VILJO ROSVALL AND JANNE VOUTILAINEN
Memorial marker in Riverside Cemetery, Thunder Bay, grave sites in Section 15, Plots 741 (Rosvall) and 742 (Voutilainen)
The marker to Viljo Rosvall and Janne (John) Voutilainen was erected by the Thunder Bay and District Labour Council to honour two Finnish-born Ontario lumber workers murdered in their effort to organize their fellows in support of the Lumber and Sawmill Workers Union.
In October 1929 some 400 workers had gone on strike for union rates in the Onion Lake District, twenty miles north of what was then Port Arthur. The big operator in the area was the U.S.-based Pigeon Timber Co. Rosvall and Voutilainen volunteered to extend the strike by visiting the sub-contractor “Reverend” or Pappi Maki, in a camp where this anti-union boss dominated the lives of his workers. They set out on 18 November 1929 and disappeared, only to be found next spring in mid-April, 1930. Police, coroner and doctor combined to falsify evidence of their death declaring it was a case of accidental drowning. Eyewitnesses to the grim discovery testify otherwise. The largest funeral procession in Port Arthur’s history accompanied the caskets on 28 April 1930. (See Satu Repo, Rosvall and Voutilainen: Two Union Men Who Never Died, Labour/Le Travailleur, 8/9, Autumn/Spring 1981/82).
“The memorial marker: In Memory of our Brothers Wiljo Rosvall and Janne Voutilainen, L. & S.W.I.U. of C. Nov.18/29, who gave their lives for Workers’ Rights at Onion Lake. Thunder Bay and District Labour Council. This memorial was arranged through the initiative of Wilf McIntyre, then President of Local 2693, International Woodworkers of America, and Don Jutsul, then President of the Thunder Bay and District Labour Council”. This was followed by other efforts: in 1992 the two men were inducted into the Canadian Labour Hall of Fame, and in 1993 the Ontario Geographic Names Board approved the naming of two small lakes in their honour, near Onion Lake where they died.

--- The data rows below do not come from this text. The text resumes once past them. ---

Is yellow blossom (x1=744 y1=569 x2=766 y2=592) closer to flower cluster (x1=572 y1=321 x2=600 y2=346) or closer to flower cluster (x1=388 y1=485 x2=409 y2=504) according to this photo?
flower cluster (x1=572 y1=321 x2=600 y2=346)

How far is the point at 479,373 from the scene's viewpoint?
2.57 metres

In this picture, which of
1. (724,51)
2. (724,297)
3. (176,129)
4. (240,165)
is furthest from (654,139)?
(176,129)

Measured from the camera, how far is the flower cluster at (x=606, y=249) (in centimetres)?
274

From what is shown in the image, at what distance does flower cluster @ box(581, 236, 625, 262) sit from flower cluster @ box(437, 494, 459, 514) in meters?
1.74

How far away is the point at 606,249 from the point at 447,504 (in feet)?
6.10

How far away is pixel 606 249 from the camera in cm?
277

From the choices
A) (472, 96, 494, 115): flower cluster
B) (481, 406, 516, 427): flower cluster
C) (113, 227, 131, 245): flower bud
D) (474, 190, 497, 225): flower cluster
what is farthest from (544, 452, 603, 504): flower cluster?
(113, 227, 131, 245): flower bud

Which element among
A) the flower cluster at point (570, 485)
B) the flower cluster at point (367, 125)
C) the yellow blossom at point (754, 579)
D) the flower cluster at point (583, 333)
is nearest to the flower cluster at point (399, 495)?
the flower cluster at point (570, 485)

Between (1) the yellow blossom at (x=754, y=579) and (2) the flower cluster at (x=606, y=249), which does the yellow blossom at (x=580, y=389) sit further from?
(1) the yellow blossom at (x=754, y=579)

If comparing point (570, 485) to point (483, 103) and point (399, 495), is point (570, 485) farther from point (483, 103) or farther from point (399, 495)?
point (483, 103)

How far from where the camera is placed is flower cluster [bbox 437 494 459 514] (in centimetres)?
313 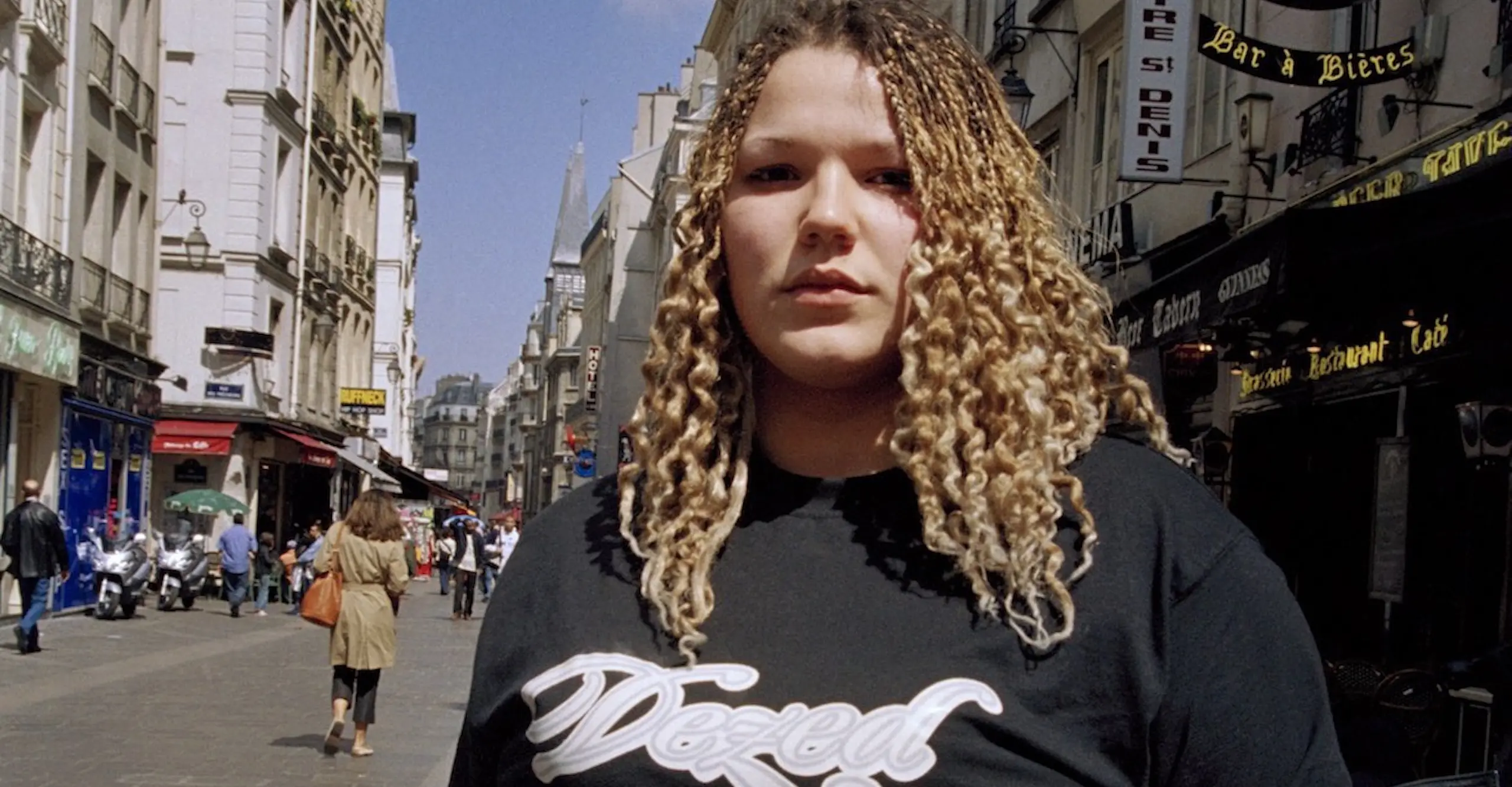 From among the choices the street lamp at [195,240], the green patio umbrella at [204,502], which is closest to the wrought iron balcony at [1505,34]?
the green patio umbrella at [204,502]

Also, a Provincial Heritage plaque has been erected in front of the logging museum, Centennial Park, Thunder Bay: “On November 18, 1929, Finnish Canadians Viljo Rosvall and Janne Voutilainen left the Port Arthur area for Onion Lake, 20 kilometers upstream from here to recruit bushworkers for a strike. Their bodies were found at Onion Lake the following spring. Local unionists and many Finnish-Canadians suspected foul play, but coroner’s juries ruled the deaths accidental drownings. The two men’s funeral on April 28, 1930, is remembered as the largest ever held in Port Arthur. As thousands of mourners marched to Riverside Cemetery, an eclipse of the sun darkened the sky. The mystery surrounding the deaths of Rosvall and Voutilainen endures, sustaining them in public memory as martyrs to the cause of organized labour”.